Submitted by: Inge Klinkers




I CLEARLY haven’t been paying attention.

I mean, changes of this magnitude aren't effected overnight and I would have noticed. I would have seen the emergence in the new guitarist of the kind of swaggering confidence that indisputably proves the truism about tiny acorns and mighty Oakes; heard the never-increasing denial in their sets of all nuance, sacrificed necessarily at the altars of spectacle and performance in front of increasingly larger and more hysterical crowds; noted the gradual chubbing out of Brett Anderson's upper arms. The last time I saw Suede, I think we'd just seen off the Ice Age, which might explain why their appearance tonight as A Monster Rock Band knocks me sideways.

“They're the f***in’ business, aren't they!" squeals a chain-smoking tot next to me, when the house lights have only just dimmed and we're craning to the hippy strains of “Introducing The Band”. He's right, of course: Suede are now the business in a whole new way; a way that has a lot to do with consumer expectation and dream-investment and wish-fulfilment and the natural corollary of all this - giving Them what They want.

Not so long ago, Brett Anderson fancied himself (god, how he fancied himself!) as the queen of arts.

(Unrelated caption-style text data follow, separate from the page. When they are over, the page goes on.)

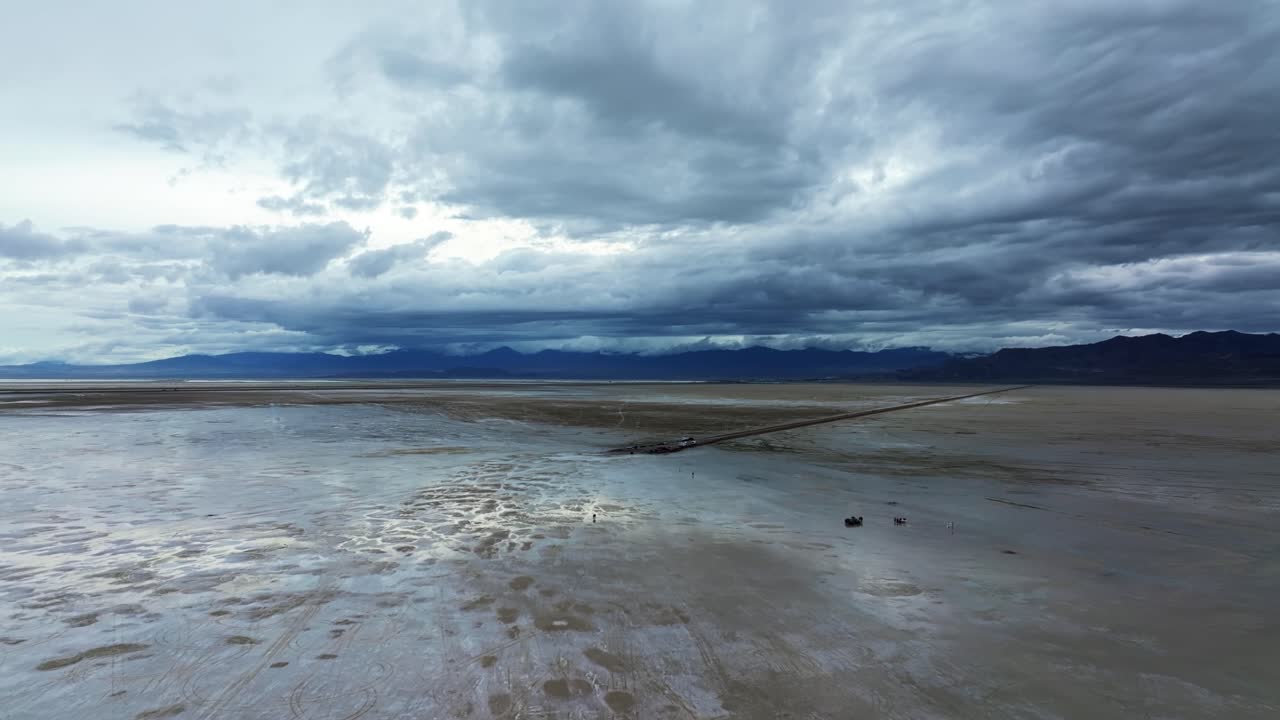 Extreme wide aerial drone descending shot of the beautiful tourist destination Bonneville Salt Flats in Utah near Wendover Nevada on a stormy spring evening with patches of wet and dry spots from rain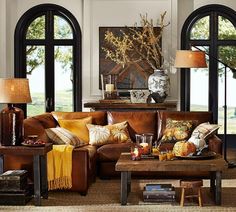 a living room filled with lots of furniture and large windows in front of the wall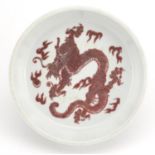 Chinese porcelain iron red dish, hand painted with a dragon chasing the flaming pearl amongst
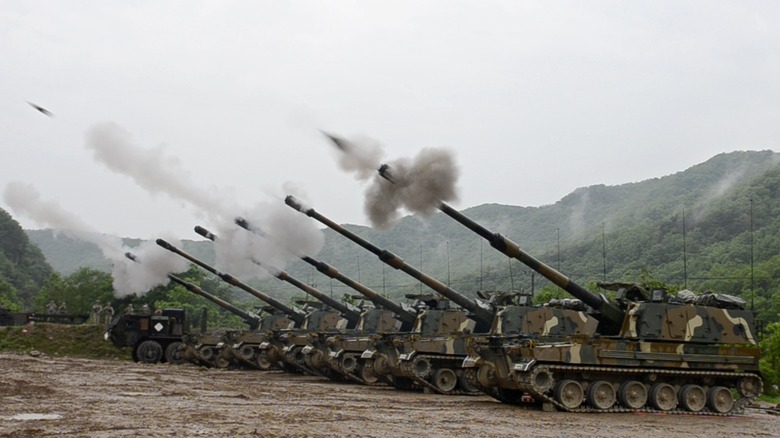 A battery of six K9 Thunder self-propelled howitzers firing their cannons in South Korea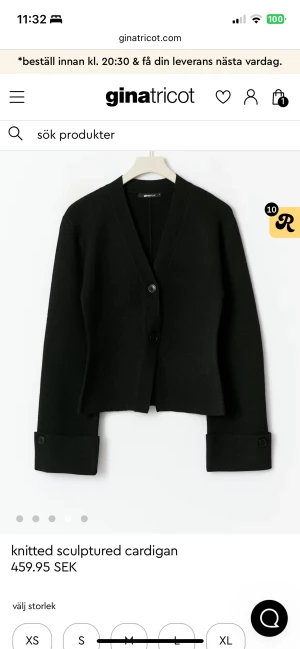 Svart kofta med knappar från Gina Tricot - Stilren svart kofta från Gina Tricot med v-ringad hals och två knappar framtill. Tröjan har långa ärmar med breda muddar och knappdetaljer. Den är stickad och har en skulpturerad, lite boxig passform som ger en cool vibe.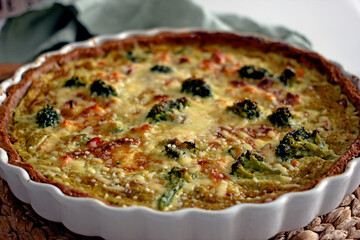 Homemade French quiche pie with salmon and broccoli in a baking dish close-up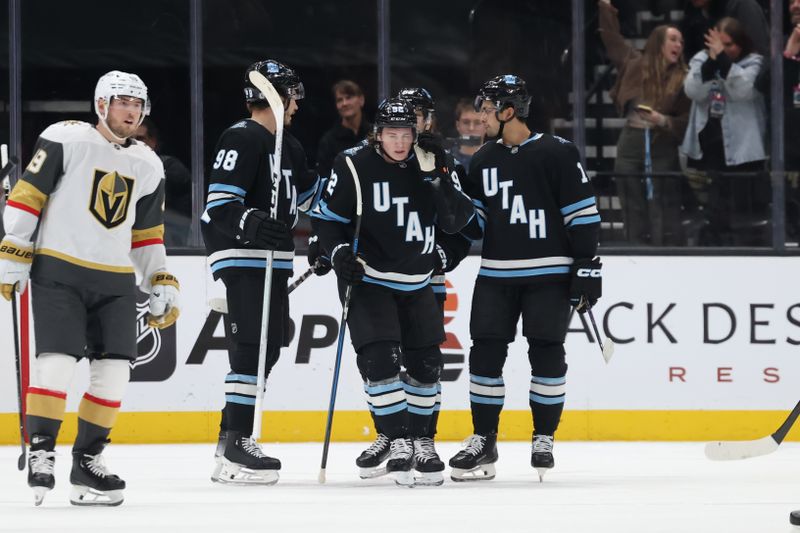 Nov 15, 2024; Salt Lake City, Utah, USA; Utah Hockey Club center Logan Cooley (center) celebrates scoring a goal against the Vegas Golden Knights during the first period at Delta Center. Mandatory Credit: Rob Gray-Imagn Images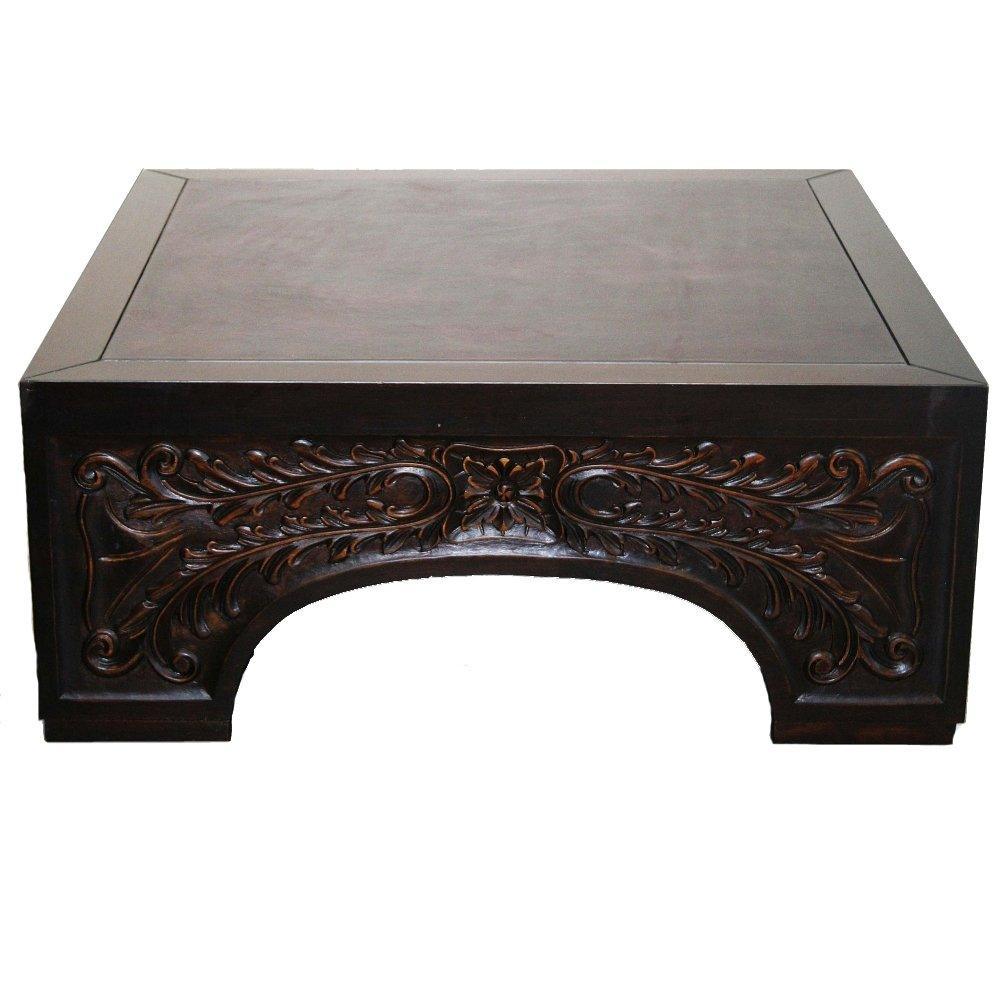 Dark wood coffee table with ornate floral carvings, French country style furniture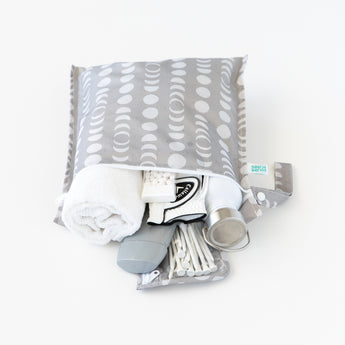 A bag from Bumkins The Playdate Planner Deluxe 5-Piece Set: Lunar Phase holds a towel, bottle, and golf gear on a white background.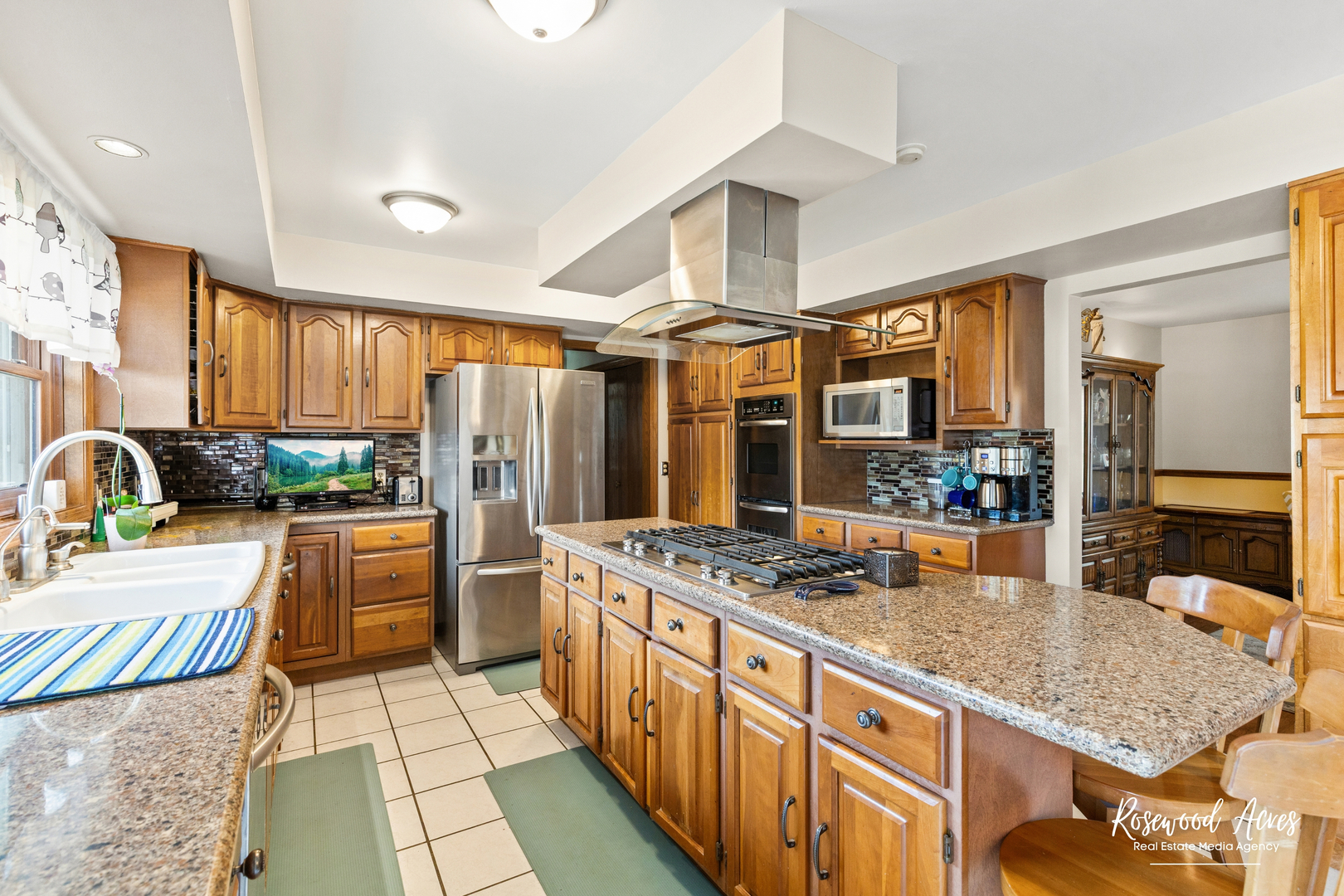 4196 North 2250W Road Bourbonnais, IL 60914 - Photo 20 of 61 a kitchen with stainless steel appliances granite countertop a stove a sink dishwasher a refrigerator a oven and couches with wooden floor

On tonight's evidence he's more the jack-of-all-trades - no insult intended - more Rambo than Rimbaud. Caught here in the frantic, exhilarating, stormy mesh of rode performance, he's forgotten most of his old, painfully studied moves. And he's good at this dumb rock shit - whipping the mic lead until it's tight around his hips, grinding some good and hard, poking his ass at us (just twice) like he knows it’s a stoopid thing to do, but hey, what the heck, clenching his teeth or grinning like a bastard in the throes of some private nirvana, genuinely (it seems) surrendering to the moment and so all the more likely to take us with him. Put bluntly, it’s like he started borrowing from Bono instead of Bowie.

Suede's Big Rock Songs - the roof-raising "Animal Nitrate" and "We Are The Pigs”, a thunderous "Metal Mickey”, the luscious, shamelessly anthemic "The Wild Ones" and “The Power” (live, both mercifully shorn of those poncey strings) – are easily their best moments. And, in the clap-along “This Hollywood Life”, Little Richard goes ape-crazy while Brett almost topples backwards from the monitors for the umpteenth time, looking like the last thing he wants is to be rescued from this life, ta very much.

These are the times when Suede mainline in to the exuberance and lust and fire that presumably got them into this game in the first place. They show up the chronic embarrassment that is “The 2 Of Us”, where everyone just grows fidgety and the film projected behind looks like an ad for the prevention of teen pregnancies, and the hideously pompous “Still Life”, still more overinflated than your average balloon, despite tonight’s minimal treatment. Reaching for the stars is no good if you’ve got short arms, guys.

Generally, though, Suede have lost the original plot and are all the better for it – they’re way more convincing as a rock band like this than an art statement with tunes. The beefiness becomes them - although Brett should keep  an eye on that gut - and could even (gasp) be slowly shedding the skin of their obvious role models.

For Suede, it’s still a challenge, it seems; still a thrill; still life. The overlook's fine.